ビルマ戦線は激戦の地でもあり、祖父は悲惨な状況のまっただ中にいた。その後ビルマ僧としても修行し、ビルマ仏教会から贈られた仏像と経典を携え、昭和19年に奇跡的に生還する。
 すでに制海権も握られていたので、日本に向かう船団はことごとく潜水艦により撃沈されたが、祖父が乗っていた船だけ無事に日本に辿り着けたらしい。

終戦後、高野山大学の教授となり学長をしていた時期もあるが、私が生まれた昭和31年に政府派遣の遺骨収集団に宗教者代表として参加。再びビルマの地を訪れる。

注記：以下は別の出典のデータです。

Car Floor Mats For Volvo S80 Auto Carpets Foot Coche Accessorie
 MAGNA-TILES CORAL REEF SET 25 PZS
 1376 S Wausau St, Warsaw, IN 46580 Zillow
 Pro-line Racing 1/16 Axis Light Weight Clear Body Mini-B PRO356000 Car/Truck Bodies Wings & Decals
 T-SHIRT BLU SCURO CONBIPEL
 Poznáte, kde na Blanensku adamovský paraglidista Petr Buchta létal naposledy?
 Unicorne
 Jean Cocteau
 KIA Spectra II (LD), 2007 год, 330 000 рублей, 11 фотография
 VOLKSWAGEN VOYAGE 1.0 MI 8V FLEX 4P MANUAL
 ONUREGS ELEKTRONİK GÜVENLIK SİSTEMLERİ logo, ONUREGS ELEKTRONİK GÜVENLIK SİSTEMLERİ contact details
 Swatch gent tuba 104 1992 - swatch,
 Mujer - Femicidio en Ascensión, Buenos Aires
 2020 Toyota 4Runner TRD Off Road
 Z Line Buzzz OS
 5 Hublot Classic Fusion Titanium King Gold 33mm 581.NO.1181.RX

そしていくつもの戦跡で遺骨収集と巡礼供養を行い帰国。
当時の厚生省から遺品の一部と共に遺骨の分骨を受け、それらは後に摩尼宝塔に収められることとなる。

祖父が見たはずの凄惨な戦場。
そこで亡くなっていった各国の人たちへの苦渋の思い。
宗教者としてのあるべき姿を、祖父なりに実践していたのだと思う。

祖父自身が書き残した文章の中に
「偽りの多い世の中だが、宗教者として日々供養を行うことは、真実でありたい」とある。
その言葉通り、死の床に伏せるまで、頑ななまでに毎日欠かさず供養の経をあげていた。そんな祖父を、私は子供の頃から尊敬していた。
ただなぜかプロレスと肉の脂身が大好きだった。
痩せていたし、脂ぎった人でもなかったのに、そのギャップは何だったのだろうと、今でも不思議に思うことがある。

祖父が丸木夫妻に依頼した「原爆の図」。
そして毎日休むことなく、慰霊と供養の祈りを捧げていた祖父の姿。
それは作曲家となった私にとって、大切な何かをいつも心に送り続けている。

私がレクイエム・プロジェクトを沖縄・長崎・広島でも行っていることの必然性が、そこにある。